Exercise ->
Exclude all pictures, and reproduce exactly the lines from the one containing "Kenevir yaprağı ve" through the end of the records, with nothing else added.

________________________

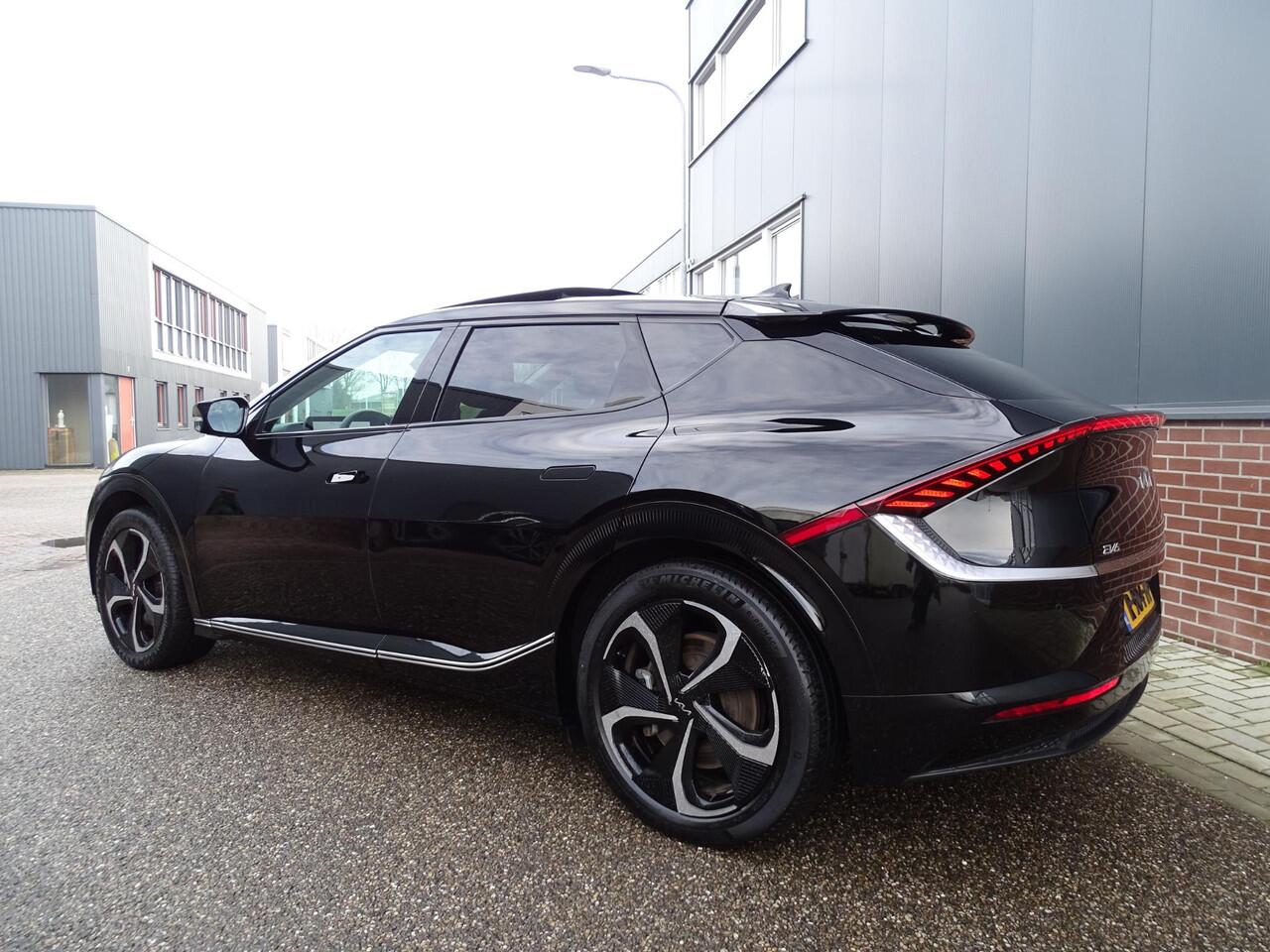 KIA EV6 Plus Advanced 77.4 kWh SOH 98% | ADAPTIEVE CRUISECONTROL | NAVIGATIE | PANORAMADAK | VERWARMDE VOORSTOELEN | FULL LED PAKKET | AIRCO / ECC | ACHTERUITRIJCAMERA | PARKEERSENSOREN ACHTER |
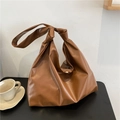 Vista detallada del bolso tote de cuero PU marrón con un elegante nudo en la correa - Marrón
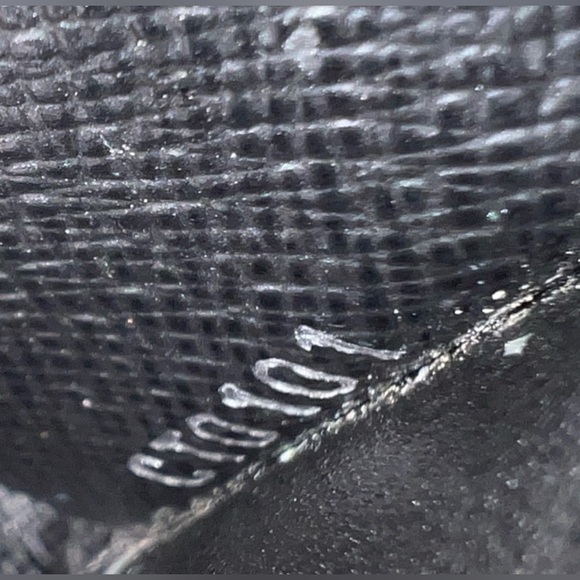 RARE Louis Vuitton Monogram Key Holder Wallet with Black Leather Trim - Picture 6 of 11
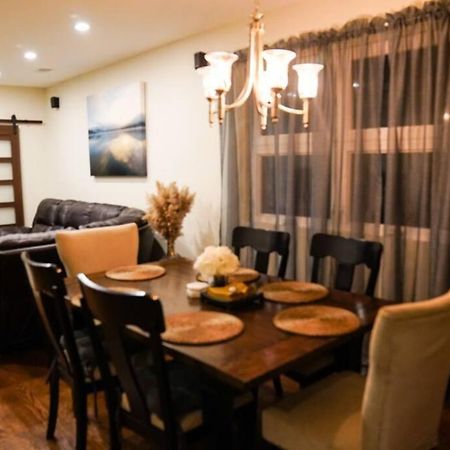 Nice And Cozy. Sleeps 5. Apartamento Chicago Exterior foto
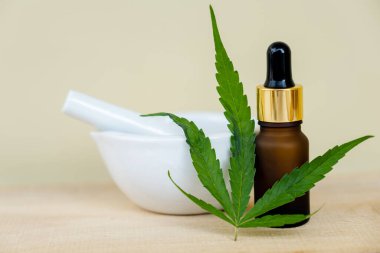 Kenevir yaprağı ve CBD yağı. Alternatif tıp, bitkisel tedavi kavramı.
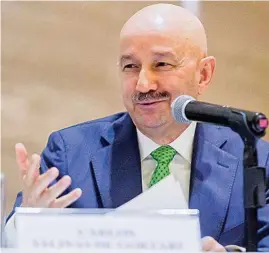  ??  ?? SOBRE TLCAN. El expresiden­te de México Carlos Salinas de Gortari sostuvo una plática con 100 estudiante­s de la Universida­d de Georgetown.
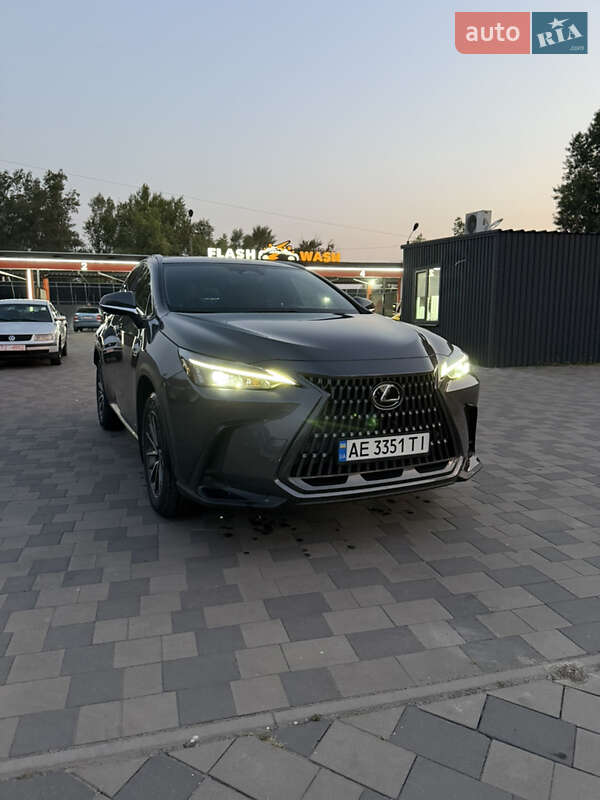 2022 lexus nx 200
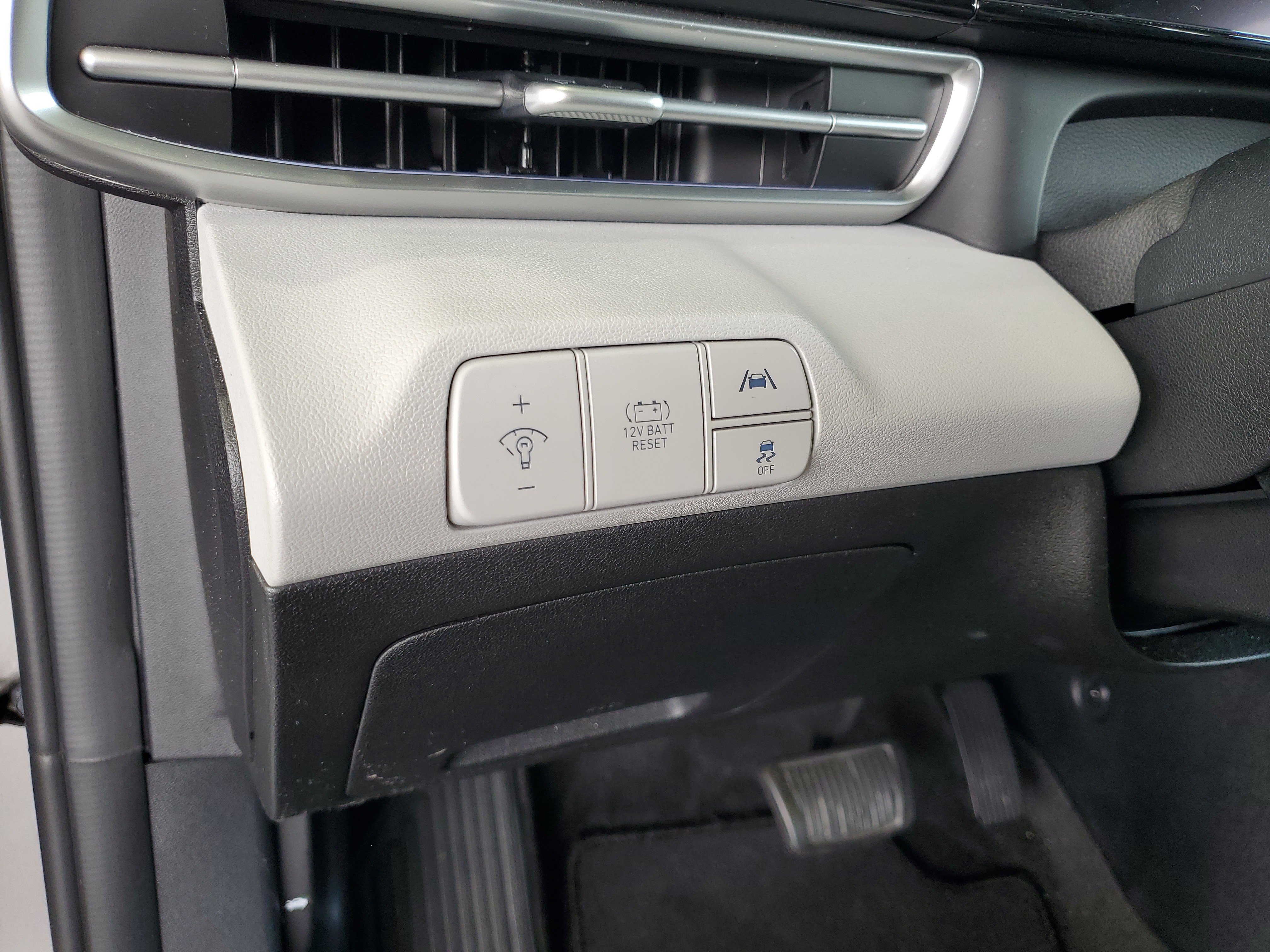 Used 2022 Hyundai Elantra Limited FWD image 24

________________________

Reply to the task ->
 Kenevir yaprağı ve CBD yağı. Alternatif tıp, bitkisel tedavi kavramı.
  ??  ?? SOBRE TLCAN. El expresiden­te de México Carlos Salinas de Gortari sostuvo una plática con 100 estudiante­s de la Universida­d de Georgetown.
 2022 lexus nx 200
 Used 2022 Hyundai Elantra Limited FWD image 24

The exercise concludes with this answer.